Born in Arkansas in 1878, Karle Wilson Baker was a poet and writer who was most known for her poetry collections The Burning Bush and Old Coins and her novel Family Styles. Although she was brought up in Arkansas, she moved with her parents to Texas and fell in love with the state’s history and people, writing extensively about its everyday life.
Baker was well educated and eventually went on to the University of Chicago and her love of poetry undoubtedly received its spark when she met poet William Vaughan Moody who had written The Great Divide. She also got to know other literary notables at the university such as Robert Herrick who wrote novels about the industrialization of America.
Initially, Baker wrote under the pen name of Charlotte Wilson and contributed a number of individual poems to a variety of magazines including The Century and Harper’s. She published her first collection, Blue Smoke, in 1919 and followed that with the Burning Bush and Old Coins during the 1920s.
Having moved to Nacogdoches in Texas, she continued to teach, undoubtedly her first love, and met and married Thomas Ellis Baker in 1907. They had two children, her daughter Charlotte going on to write children’s books. Baker became a teacher at the Stephen F Austin University where she wrote The Pine Tree Hymn which was eventually taken up as the college song.
Her later works were a mix of descriptive non-fiction such as the much loved Birds of Tanglewood and the novel Family Style that explored the life of a family during the Texas oil boom. Baker soon became one of the best known writers in Texas and won many awards during her lifetime. She was also the first female to be awarded the Fellow of the Texas Institute of Letters.

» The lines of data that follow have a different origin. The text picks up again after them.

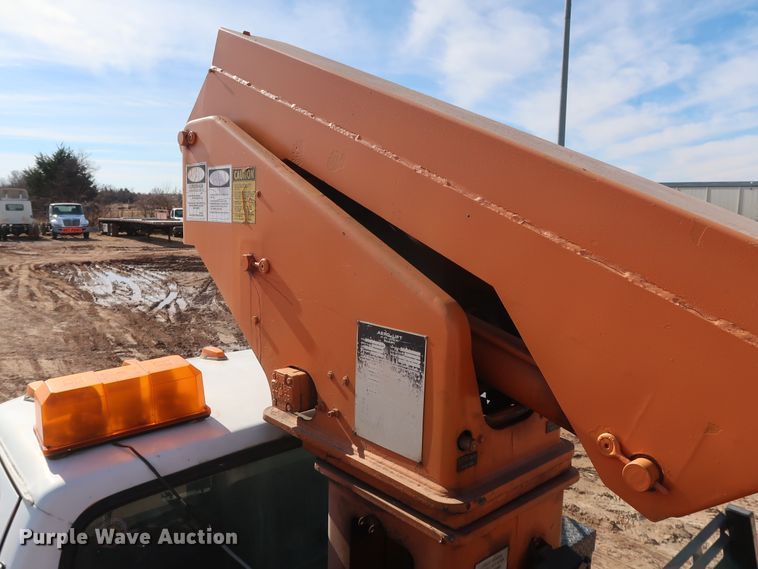 image for item GD9932 1997 Ford F800 bucket truck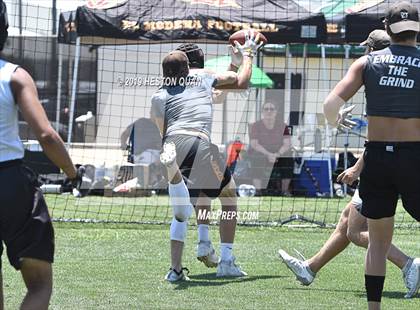 Thumbnail 2 in Aliso Niguel vs El Modena (North Orange County Shootout) photogallery.
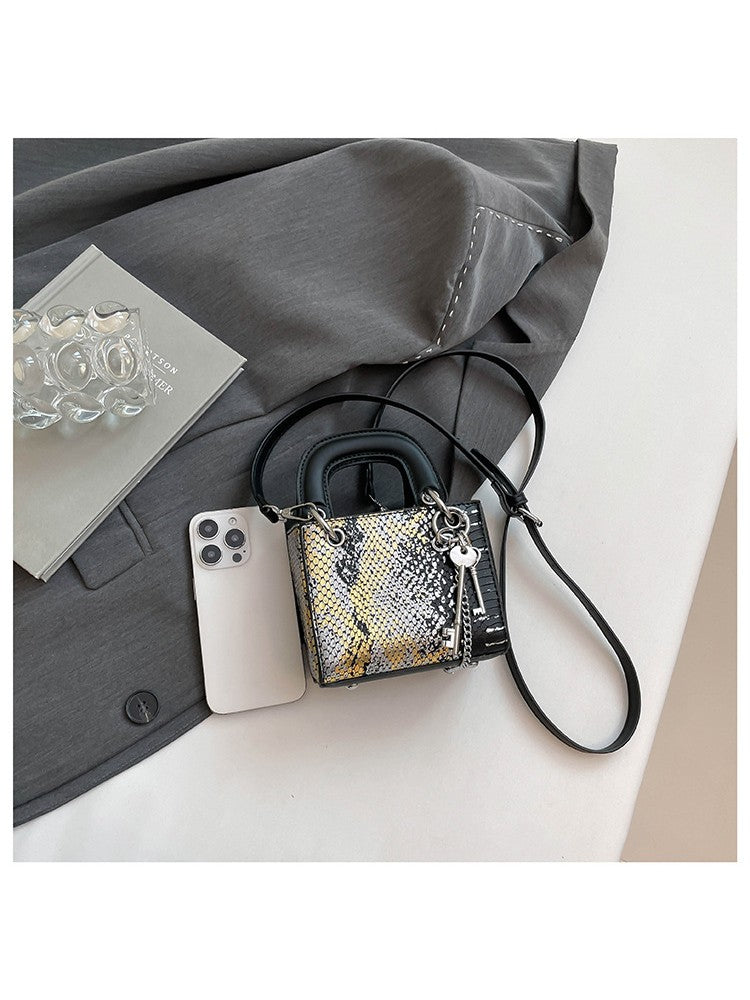 https://imgs3.wholesale7.net/jxc/images/202506/25/goods_img/_P_20250625115206138_748.jpeg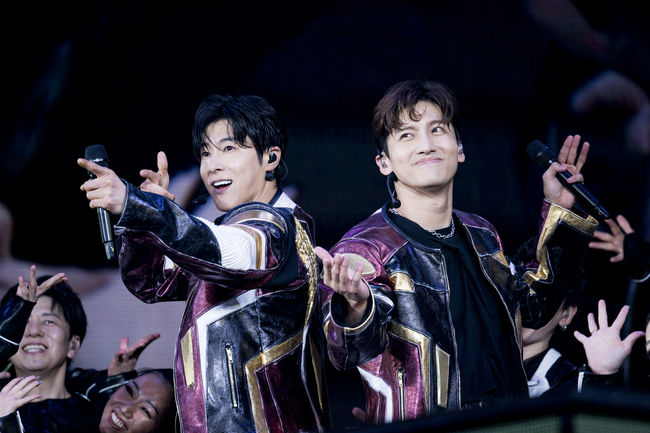 K-Pop Fills Tokyo With 400,000 Fans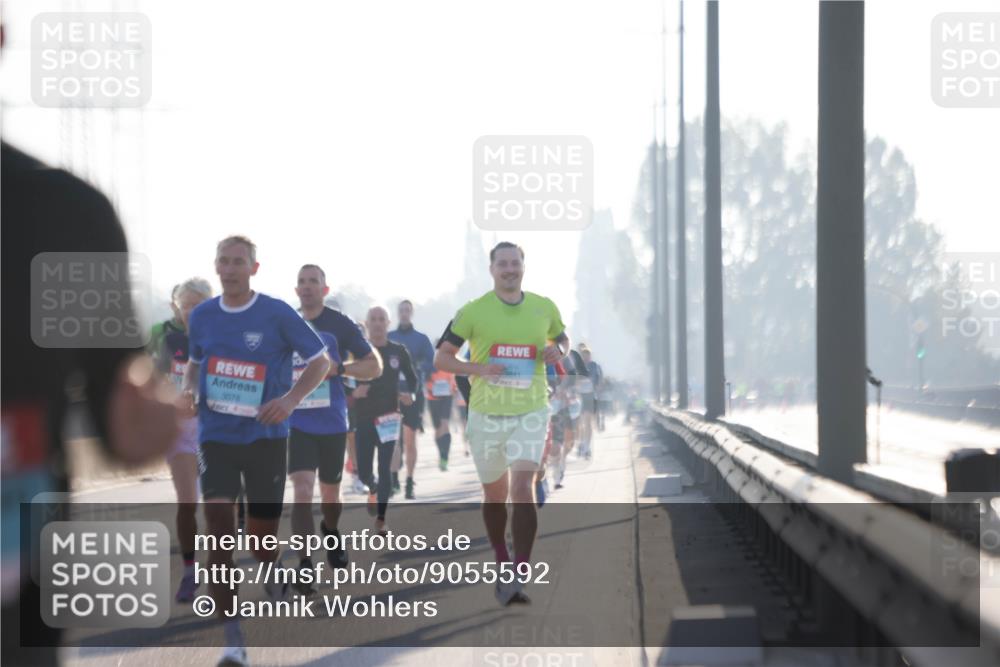 03.10.2025 - Köhlbrandbrückenlauf Jannik Wohlers http://msf.ph/oto/9055592 03.10.2025 09:12:54 Position 3 3078 meine-sportfotos.de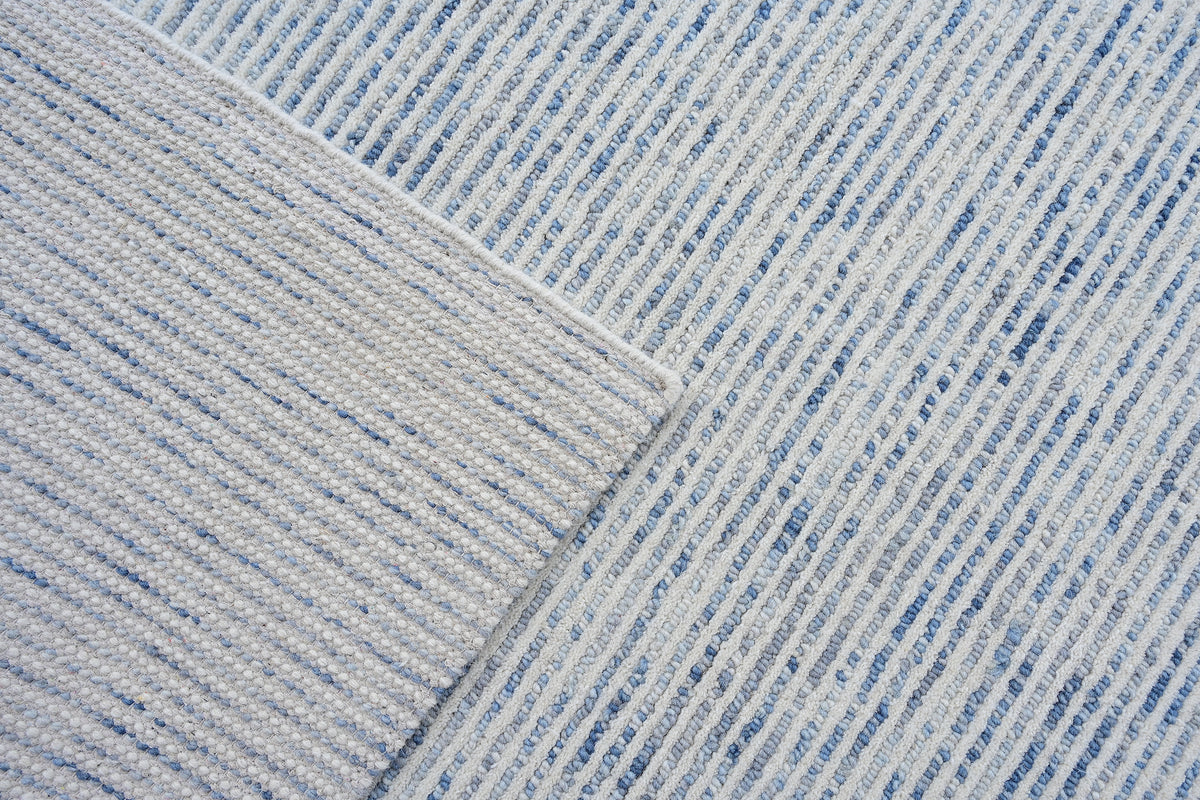 Jax 18990 Ivory/Denim rug – corner detail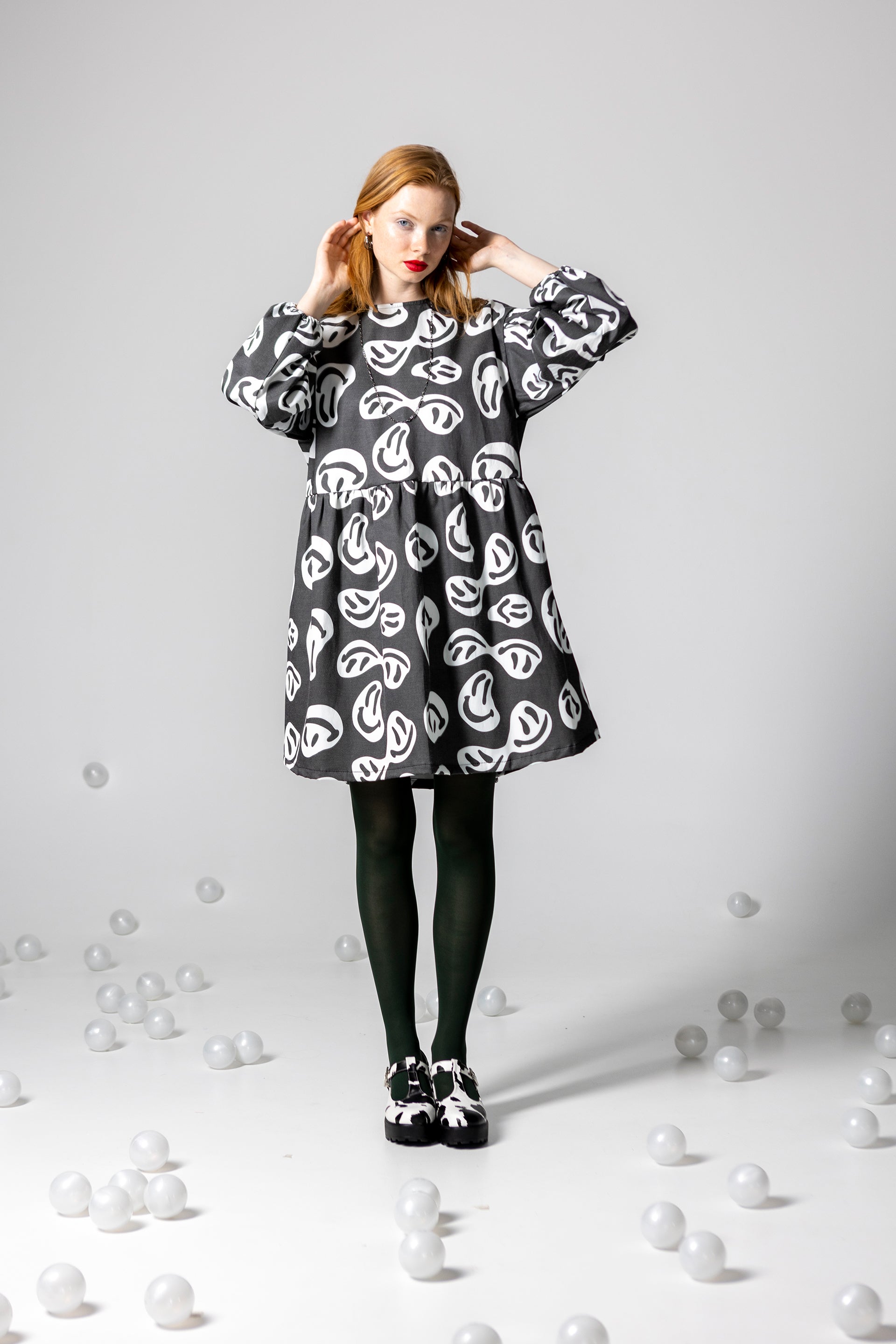 DRESS DAHLIA- JUST SMILE BLACK AND WHITE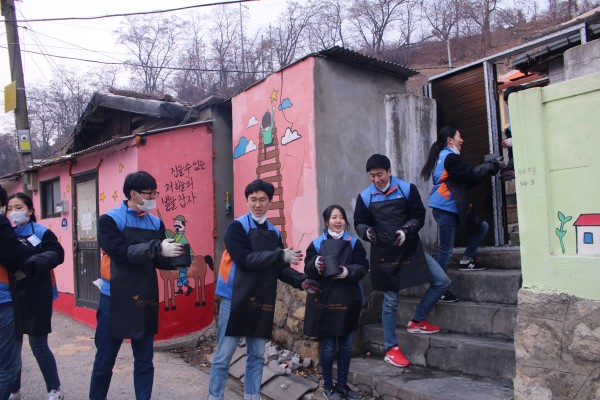 사회공헌활동 &#034;신한금융과 함께하는 연탄 나눔&#034; 사진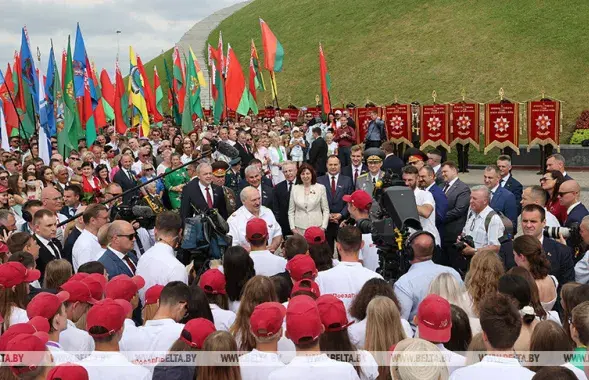 Аляксандр Лукашэнка на Кургане славы, Мінск, 3 ліпеня 2020 года / БЕЛТА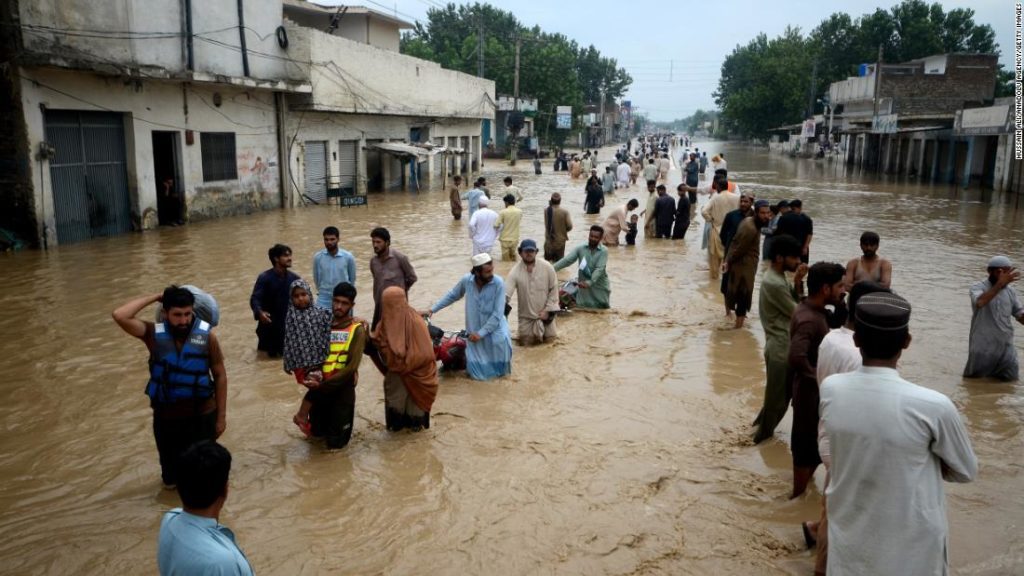 Überschwemmungen in Pakistan: Hunderte Kinder unter 1.000 Toten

In 1931, Baker was nominated for the Pulitzer Prize after publishing the poetry collection Dreamers on Horseback, but in the end she lost out to Robert Frost who won for his Collected Poems. Baker’s poetry was noted for its short simplicity and the uplifting and poignant nature of her subject matter. Her most popular works were verses such as Let Me Grow Lovely which is still used in anthologies today.
In a recent biography by Sarah Jackson, Baker is noted for her battle for recognition at a time when the literary world, particularly in America, was dominated by men and where women were often placed in the shadows and dismissed as irrelevant.
Baker’s body of work is probably far more appreciated today than it may have been in the first half of the twentieth century. She was, in addition, a remarkable teacher and this may have been because she spent most of her life believing that she was still a student and that she was never too old to learn.
Baker died in 1960 at the age of 80 having received more recognition and honours than any other female poet of the 20th century.